One of the first people Nolasco contacted was Cedric Ransburg, a 35-year-old bartender who had previously worked with Va’La Hospitality. He’s been volunteering with No Us Without You for five days a week since its beginnings and has seen firsthand how it’s grown. “The day I realized I didn’t have to use my Prius to carry things anymore, that’s how I knew that things were changing,” Ransburg recalls.

Corporate sponsors started lending a hand. Tecate bought them a refrigerated box truck. Sysco Corp. and PepsiCo gifted them refrigerators. The team began ordering boxes of food from Vesta Foodservice instead of packaging the items themselves.

They were learning as they went, something Nolasco admits they’re still doing. Worried that U.S. Immigration and Customs Enforcement would show up to their office, they shifted to having recipients pick up food at locations that regularly change. To maintain social distancing, they’ve organized a contactless drive-through pickup. They also deliver to those who can’t get to them.

No Us Without You now turns out 150,000 pounds of food every week, with the help of nearly a dozen volunteers composed of bar industry folks. They have a queue of more than 100 families vetted by Diaz, who plans to add them to the program as it raises more funds through donations and grants.

Diaz spends nearly every day on the phone, checking in with each of the families the way a social worker would, listening to their worries and noting their needs.

“What I hear is fear, paranoia and, in some cases, helplessness,” says Diaz, 35. “I’ve had families reach out to me saying that they want to kill themselves and they can’t take this anymore because they are tired of seeing their two or three kids go to the refrigerator every day prior to our help to see an empty fridge.”

One of their first recipients was Jose Ventura, a 49-year-old undocumented restaurant worker hailing from Oaxaca, Mexico.
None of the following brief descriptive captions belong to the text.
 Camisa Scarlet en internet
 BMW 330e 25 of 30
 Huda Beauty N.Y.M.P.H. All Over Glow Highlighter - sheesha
Ventura had been working more than 50 hours a week to provide for his family back home, including paying for his three daughters’ higher education. But his work hours yo-yoed as the pandemic raged on.

Ventura first heard about No Us Without You through a mutual friend and has been receiving food boxes ever since.

“I feel strongly that the help I’m receiving from the organization is more than I could have expected from the government itself,” Ventura says in Spanish through a translator. He wonders when members of his community will get the coronavirus vaccine, saying that their lives matter because they add value to the U.S. economy.

Mercedes Cortes, a 59-year-old undocumented street vendor from Puebla, Mexico, first heard about the nonprofit on Telemundo before she was linked to them through a friend in May.

“To digest other people wanting to help this sector of the populace here was unfathomable,” Cortes says in Spanish, adding that she hates feeling like a criminal in this country.

Cortes, who is raising her 11-year-old granddaughter and sends money back home, says she’s thankful that the organization helps with her family’s basic needs. She came to the United States over 20 years ago in search of a better and safer life for her and her family.

“My family and I came to work in this country and be honorable humans,” Cortes says. “My husband and I both pay taxes, fees for street vending, and tickets we receive on the street when we forget to move our car.”

The organization is not planning on capping the number of people it serves. Diaz and Nolasco are thinking ahead and even recently leased some land to grow produce for their food boxes, with plans to create jobs through that.

While Nolasco finds his work with No Us Without You to be meaningful, he bristles at some of the backlash his team has received from people upset that the group is supporting undocumented workers.

“We’re happy to feed those that have fed us for years,” Nolasco says. “At the end of the day, if you take all politics aside, we are feeding families. We’re feeding mothers and children. If you have a problem with little kids and parents who are out of work getting food that has nothing to do with you politically, I just don’t know what to tell you.”